Military history

5. THE TRAGEDY IN TROMSÖ

EINAR HAD come back that afternoon from a visit to Tromsö. Everyone there had been talking of Toftefjord and its sequel; and although the people were used to brutality, they were aghast at the pitiless drama which had reached its grim climax in their town. In fact, what Einar told Jan that night is a sombre story of inhumanity. It is told here not because there is pleasure in telling it, but because without it the full contrasting picture cannot be drawn of the compassion and kindliness of the people who helped the only survivor; for all of them were familiar with the German technique of occupation and knew quite well what punishment they would suffer if they were caught.

Although Einar, and everyone else in north Norway, knew the outline of the story a day or two after it happened, it was not till the end of the war that its details were discovered. They were given then in evidence in trials in Norwegian courts.

When the shopkeeper made the fateful decision after his sleepless night and telephoned to his friend the official, the official himself was faced with a dilemma. He was a member of the Norwegian Nazi party, whose leader Quisling had been appointed head of the puppet government by the Germans; but this fact did not mean in itself that he had Nazi inclinations. Soon after the occupation of Norway began many people in minor Government posts received a circular letter from the Germans simply saying that unless they joined the party they would be dismissed from office. In the south, a lot of them were able to consult each other when they got this ultimatum, and they agreed to reject it. So many refused to join that they succeeded in calling the Germans’ bluff and retained their offices. But in the scattered districts of the north, where it might be two days’ journey for one of them to visit another, each of them had to face this problem on his own; and a great many of them decided, or persuaded themselves, rightly or wrongly, that if they did sign on as members they would be able to protect the interests of the people, whereas if they refused they would be replaced by a German nominee. The man the shopkeeper knew was one of these.

In any case, Nazi or not, it was certainly his nominal duty, as a Government servant, to report any story so strange as the one which the shopkeeper told him that morning. Perhaps he did it unwillingly. Perhaps he argued that already a dozen people had heard it, and that now the shopkeeper had begun to talk there was nothing to stop him from telling everyone. More over, the shopkeeper had told it to him on the telephone, and most of the telephones there were on party lines. Anyone could listen to interesting conversations, and everyone did. The story was bound to spread, and the Germans were bound to hear it; and then the official himself would be the first to suffer.

At all events, as soon as the shopkeeper had rung off, the official put in a call to Tromsö. With what feelings he did it, nobody but himself will ever know.

First he rang the police station, but it was still early in the morning and the constable on duty wrote down the report and said he would show it to his chief at half-past nine. He also rang a friend of his in Ribbenesöy, to ask him if he had seen any strangers, and if there was really a boat in Toftefjord. This friend had not seen anything himself; but the shopkeeper had just rung him up and told him all about it. Then the official, feeling perhaps that things were moving too quickly for him, put in a call to police headquarters. He was given another rebuff. They told him to take his own boat and go over to Toftefjord to see if the story was true.

This idea did not attract him in the least, so he called his assistant and told him to do it. The assistant went off to borrow a boat from a neighbour, but as he had not had his breakfast he sat down to a cup of coffee with the neighbour before he embarked. In the meantime the official was struck by a better idea, and rang up his friend in Ribbenesöy again and asked him to go overland to see if there was anything in Toftefjord. The friend said he was too old to go climbing at that time in the morning. But he sent a small boy; and some time in the forenoon, unknown to the Brattholm’s crew, the boy peered over the crest of the hills and saw the top of a mast in Toftefjord, and did not dare to go nearer, and ran home to confirm the story.
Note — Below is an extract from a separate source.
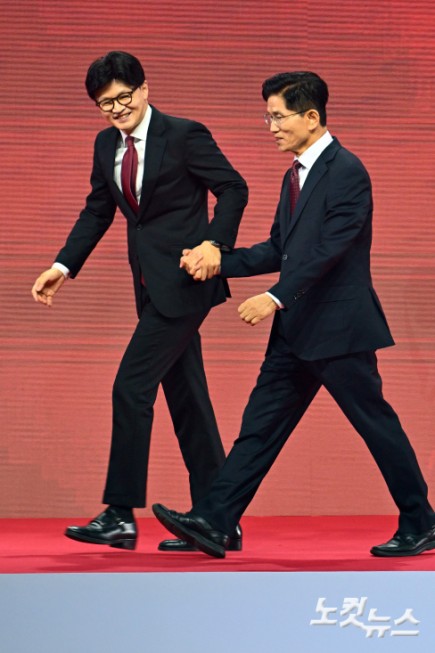3일 경기도 일산 킨텍스에서 열린 국민의힘 제21대 대통령 선거 후보 선출을 위한 제5차 전당대회 무대에서 한동훈·김문수 경선 후보가 인사를 마치고 내려오며 손을 잡고 있다.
When he heard this, the official rang the police headquarters again. He could assure them now that the boat had really been seen, and he hoped they agreed that there was no point in his going unarmed to investigate. He thought they should tell the Gestapo. But they rang off without giving him any definite answer; and some time in the morning, he rang the Gestapo himself.

It seems clear when one reads this story, with its incongruous elements of inefficiency and farce, that all the Norwegian police prevaricated on purpose. No doubt they hoped that if they delayed the report for an hour or two it would help the strangers in Toftefjord, whoever they were, to make good their escape. But as the crew of the Brattholm did not know they had been betrayed, this effort to help them was wasted. It is said that at the very moment when the German ship was sighted off Toftefjord two rowing boats were entering the fjord to warn the Brattholm. One of them was probably manned by the two fishermen who were going to hide the cargo, but nobody knows who was in the other one. In any case, they were too late. Both of them stopped when the German ship bore down on them, and the men in them put out lines and pretended to be fishing.
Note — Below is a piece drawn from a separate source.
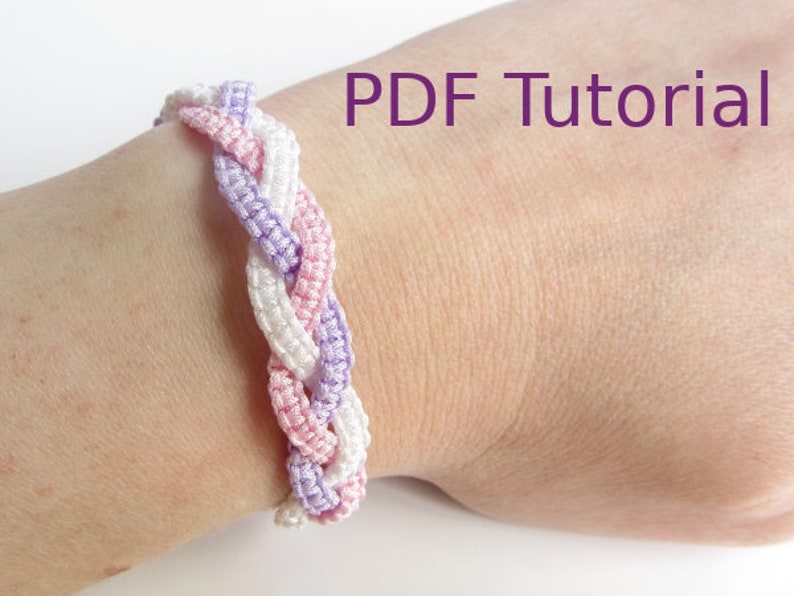 A bracelet that has a 3 braid effect shown worn on wrist. Each braid is made using square knots and each braid is in a separate colour - white, lilac and pink. With a metal chain and clasp closure. With PDF Tutorial written on the image.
The people of Tromsö knew nothing of the fight till the German ship got back there. Then they saw prisoners being landed, and men carried ashore on stretchers. Within a few hours, the story was whispered throughout the town, and some hundreds of citizens were in fear of their safety.

Tromsö claims to be the biggest town in the Arctic, and it is the metropolis of an enormous area; but for all that, it is not very big: about the size of an average English market town. It is so far from other towns that it is more than usually self-contained. It would be an exaggeration to say that everyone knows everyone else; but certainly everyone knows its more prominent people. Its interests are fishing and whaling and arctic furs, and the general business of a small seaport. During the occupation, its modest and peaceful affairs were swamped by the demands of a German headquarters, and its society was riven by the chasms of political beliefs. It had its few traitors, despised and ostracised by everybody else; and it had a new form of society, in which money counted for very little, united by an implacable loathing of Germans which was never experienced in England or America.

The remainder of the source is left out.